Short descriptive text snippets

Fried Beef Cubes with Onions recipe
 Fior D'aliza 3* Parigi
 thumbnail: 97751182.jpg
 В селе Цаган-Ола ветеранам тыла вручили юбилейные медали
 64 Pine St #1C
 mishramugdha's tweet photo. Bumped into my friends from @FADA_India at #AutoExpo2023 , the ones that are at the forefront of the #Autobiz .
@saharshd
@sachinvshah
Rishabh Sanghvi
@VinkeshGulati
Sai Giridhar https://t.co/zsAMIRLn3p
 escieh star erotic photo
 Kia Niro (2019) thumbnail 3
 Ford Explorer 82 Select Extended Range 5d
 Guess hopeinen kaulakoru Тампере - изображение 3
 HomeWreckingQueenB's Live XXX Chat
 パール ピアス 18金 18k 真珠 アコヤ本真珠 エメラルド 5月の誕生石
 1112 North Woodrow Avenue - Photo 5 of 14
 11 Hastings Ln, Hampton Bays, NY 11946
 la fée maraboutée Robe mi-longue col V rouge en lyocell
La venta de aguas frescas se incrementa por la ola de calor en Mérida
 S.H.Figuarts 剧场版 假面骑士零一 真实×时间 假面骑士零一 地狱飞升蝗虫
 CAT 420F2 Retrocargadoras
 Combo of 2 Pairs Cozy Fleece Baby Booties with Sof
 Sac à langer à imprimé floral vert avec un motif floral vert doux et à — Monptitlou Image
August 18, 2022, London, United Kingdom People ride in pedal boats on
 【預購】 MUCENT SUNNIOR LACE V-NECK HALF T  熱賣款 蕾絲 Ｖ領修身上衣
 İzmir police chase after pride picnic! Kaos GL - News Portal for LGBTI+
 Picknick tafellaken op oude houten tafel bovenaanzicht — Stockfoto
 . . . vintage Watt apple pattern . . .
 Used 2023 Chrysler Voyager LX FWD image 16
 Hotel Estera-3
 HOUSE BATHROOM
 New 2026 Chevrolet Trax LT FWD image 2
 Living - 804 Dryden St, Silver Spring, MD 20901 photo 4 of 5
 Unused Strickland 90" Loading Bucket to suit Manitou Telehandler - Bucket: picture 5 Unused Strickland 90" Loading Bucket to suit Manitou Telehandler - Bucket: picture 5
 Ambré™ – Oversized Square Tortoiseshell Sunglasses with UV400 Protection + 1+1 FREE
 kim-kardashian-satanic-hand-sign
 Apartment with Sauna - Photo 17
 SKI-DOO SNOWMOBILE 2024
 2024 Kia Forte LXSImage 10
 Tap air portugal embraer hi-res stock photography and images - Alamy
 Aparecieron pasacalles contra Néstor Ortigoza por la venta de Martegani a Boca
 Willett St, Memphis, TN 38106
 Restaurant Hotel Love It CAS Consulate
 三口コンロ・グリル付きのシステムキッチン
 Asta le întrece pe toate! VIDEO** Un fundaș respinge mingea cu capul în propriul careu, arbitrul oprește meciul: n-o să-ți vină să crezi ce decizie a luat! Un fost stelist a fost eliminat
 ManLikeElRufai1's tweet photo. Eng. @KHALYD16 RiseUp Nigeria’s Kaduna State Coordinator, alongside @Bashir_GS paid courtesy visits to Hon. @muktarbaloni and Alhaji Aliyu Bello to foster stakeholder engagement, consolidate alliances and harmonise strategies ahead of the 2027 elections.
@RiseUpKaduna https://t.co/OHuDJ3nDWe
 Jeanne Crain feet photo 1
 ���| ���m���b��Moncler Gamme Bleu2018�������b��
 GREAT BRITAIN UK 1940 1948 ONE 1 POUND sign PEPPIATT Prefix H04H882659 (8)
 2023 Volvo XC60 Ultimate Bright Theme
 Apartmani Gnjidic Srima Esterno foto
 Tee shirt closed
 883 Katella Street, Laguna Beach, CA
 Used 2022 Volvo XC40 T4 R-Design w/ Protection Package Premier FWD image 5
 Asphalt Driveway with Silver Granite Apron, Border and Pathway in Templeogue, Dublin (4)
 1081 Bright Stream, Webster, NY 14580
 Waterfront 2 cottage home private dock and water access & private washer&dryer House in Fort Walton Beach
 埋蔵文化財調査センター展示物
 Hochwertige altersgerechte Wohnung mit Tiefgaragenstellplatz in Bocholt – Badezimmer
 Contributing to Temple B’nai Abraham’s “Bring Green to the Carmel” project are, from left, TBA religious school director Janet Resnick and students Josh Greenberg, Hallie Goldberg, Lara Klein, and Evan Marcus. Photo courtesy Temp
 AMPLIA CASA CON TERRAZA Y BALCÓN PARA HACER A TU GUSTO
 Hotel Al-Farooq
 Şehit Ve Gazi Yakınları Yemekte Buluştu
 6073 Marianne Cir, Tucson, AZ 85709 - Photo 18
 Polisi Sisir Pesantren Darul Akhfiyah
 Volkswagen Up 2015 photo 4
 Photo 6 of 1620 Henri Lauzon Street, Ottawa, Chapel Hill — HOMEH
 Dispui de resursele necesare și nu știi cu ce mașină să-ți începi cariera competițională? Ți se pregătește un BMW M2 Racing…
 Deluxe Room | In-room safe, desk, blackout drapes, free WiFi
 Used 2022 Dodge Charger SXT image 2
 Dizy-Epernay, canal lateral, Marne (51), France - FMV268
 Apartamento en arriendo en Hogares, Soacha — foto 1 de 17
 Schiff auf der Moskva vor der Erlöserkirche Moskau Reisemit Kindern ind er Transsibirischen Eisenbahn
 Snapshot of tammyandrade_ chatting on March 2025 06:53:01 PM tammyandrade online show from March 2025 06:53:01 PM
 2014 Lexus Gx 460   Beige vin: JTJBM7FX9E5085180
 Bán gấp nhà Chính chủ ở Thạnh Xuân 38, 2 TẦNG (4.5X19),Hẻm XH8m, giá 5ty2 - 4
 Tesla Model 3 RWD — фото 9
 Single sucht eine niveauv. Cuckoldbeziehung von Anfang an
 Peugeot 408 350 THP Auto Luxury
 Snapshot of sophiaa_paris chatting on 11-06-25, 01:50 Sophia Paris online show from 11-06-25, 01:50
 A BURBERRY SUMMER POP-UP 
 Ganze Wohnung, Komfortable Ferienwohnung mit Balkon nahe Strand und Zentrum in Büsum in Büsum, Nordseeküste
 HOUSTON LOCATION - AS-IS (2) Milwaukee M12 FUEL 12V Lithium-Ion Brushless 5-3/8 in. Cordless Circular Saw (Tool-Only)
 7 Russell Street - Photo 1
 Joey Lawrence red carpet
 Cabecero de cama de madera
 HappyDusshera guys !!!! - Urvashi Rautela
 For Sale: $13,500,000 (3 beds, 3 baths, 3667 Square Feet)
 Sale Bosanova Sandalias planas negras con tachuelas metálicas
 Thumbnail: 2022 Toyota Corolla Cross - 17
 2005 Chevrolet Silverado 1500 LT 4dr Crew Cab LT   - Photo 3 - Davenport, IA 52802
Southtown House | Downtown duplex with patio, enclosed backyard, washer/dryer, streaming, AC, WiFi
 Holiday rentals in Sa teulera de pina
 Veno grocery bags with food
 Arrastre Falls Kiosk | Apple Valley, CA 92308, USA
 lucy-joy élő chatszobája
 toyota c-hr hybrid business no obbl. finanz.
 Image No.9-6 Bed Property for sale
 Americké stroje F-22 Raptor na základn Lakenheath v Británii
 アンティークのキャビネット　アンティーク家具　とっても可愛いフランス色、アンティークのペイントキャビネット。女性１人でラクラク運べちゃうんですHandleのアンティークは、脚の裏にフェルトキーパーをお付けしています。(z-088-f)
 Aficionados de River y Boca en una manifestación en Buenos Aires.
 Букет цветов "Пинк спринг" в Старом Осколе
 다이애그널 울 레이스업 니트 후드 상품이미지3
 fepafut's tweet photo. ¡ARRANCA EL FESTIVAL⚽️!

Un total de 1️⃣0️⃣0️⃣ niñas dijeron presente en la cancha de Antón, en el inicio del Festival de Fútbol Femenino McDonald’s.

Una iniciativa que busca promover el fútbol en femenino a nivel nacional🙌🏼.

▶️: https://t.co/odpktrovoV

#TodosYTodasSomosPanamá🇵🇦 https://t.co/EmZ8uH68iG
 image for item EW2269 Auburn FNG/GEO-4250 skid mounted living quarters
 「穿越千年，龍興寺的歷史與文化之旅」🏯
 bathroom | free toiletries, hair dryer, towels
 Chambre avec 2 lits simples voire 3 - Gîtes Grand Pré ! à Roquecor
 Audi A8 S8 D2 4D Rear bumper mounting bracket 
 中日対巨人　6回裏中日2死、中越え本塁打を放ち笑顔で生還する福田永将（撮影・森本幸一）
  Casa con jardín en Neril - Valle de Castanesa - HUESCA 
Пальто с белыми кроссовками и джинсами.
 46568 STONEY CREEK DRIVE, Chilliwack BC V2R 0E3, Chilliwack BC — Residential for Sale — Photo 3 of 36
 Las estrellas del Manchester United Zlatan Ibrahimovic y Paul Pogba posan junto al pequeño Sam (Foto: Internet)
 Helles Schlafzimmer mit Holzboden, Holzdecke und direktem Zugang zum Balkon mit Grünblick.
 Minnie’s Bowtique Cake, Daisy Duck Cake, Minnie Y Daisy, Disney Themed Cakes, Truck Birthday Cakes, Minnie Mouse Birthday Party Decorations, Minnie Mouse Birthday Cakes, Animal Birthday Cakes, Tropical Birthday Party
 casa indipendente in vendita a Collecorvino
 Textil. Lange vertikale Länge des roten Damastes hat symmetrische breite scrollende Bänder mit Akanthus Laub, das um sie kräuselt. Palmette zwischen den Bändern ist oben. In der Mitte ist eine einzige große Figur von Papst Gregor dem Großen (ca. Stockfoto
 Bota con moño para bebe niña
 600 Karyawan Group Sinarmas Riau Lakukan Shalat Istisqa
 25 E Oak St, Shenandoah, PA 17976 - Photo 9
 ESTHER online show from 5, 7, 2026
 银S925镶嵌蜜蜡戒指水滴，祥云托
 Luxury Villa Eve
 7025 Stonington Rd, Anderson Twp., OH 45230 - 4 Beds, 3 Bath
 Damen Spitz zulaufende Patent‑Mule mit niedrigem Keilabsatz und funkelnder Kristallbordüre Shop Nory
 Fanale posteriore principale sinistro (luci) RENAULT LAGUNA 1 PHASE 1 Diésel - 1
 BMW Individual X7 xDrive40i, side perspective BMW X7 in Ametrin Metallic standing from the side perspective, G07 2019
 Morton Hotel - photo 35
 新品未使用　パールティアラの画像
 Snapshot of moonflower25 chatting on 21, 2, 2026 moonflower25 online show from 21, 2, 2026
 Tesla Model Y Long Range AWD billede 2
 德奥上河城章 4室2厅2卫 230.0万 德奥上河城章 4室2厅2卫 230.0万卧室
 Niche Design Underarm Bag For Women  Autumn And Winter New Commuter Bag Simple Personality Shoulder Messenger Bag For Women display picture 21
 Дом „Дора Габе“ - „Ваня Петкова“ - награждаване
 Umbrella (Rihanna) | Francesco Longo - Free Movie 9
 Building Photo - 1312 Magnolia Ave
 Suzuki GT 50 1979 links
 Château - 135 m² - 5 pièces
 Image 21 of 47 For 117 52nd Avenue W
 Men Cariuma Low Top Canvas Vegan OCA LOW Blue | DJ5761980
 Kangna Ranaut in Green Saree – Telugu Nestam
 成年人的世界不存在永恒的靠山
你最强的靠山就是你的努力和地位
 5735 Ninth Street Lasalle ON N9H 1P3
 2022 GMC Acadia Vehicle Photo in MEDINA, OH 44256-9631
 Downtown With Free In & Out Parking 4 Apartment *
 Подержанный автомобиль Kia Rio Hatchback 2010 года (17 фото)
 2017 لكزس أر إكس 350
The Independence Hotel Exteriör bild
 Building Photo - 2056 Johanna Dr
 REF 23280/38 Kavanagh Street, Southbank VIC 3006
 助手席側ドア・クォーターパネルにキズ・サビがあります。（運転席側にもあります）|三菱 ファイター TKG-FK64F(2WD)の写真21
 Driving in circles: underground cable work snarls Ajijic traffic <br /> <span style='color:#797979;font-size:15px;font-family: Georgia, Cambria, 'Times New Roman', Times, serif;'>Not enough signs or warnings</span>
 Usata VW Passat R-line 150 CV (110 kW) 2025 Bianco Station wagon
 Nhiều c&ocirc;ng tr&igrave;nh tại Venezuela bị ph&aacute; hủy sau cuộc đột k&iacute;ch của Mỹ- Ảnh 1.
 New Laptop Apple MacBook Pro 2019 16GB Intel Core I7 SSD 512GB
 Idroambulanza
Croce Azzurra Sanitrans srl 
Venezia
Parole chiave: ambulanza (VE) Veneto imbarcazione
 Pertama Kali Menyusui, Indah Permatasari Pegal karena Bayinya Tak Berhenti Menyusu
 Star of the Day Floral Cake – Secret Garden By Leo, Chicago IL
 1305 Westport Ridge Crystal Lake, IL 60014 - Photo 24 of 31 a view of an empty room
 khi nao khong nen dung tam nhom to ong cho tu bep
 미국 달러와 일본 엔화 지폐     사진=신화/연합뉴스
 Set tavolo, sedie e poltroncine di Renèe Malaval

*YOUR GOAL*. Run a filter over the data above and keep each line that contains the word "venta".

*RESULT FOR THIS EXERCISE*.
La venta de aguas frescas se incrementa por la ola de calor en Mérida
 Aparecieron pasacalles contra Néstor Ortigoza por la venta de Martegani a Boca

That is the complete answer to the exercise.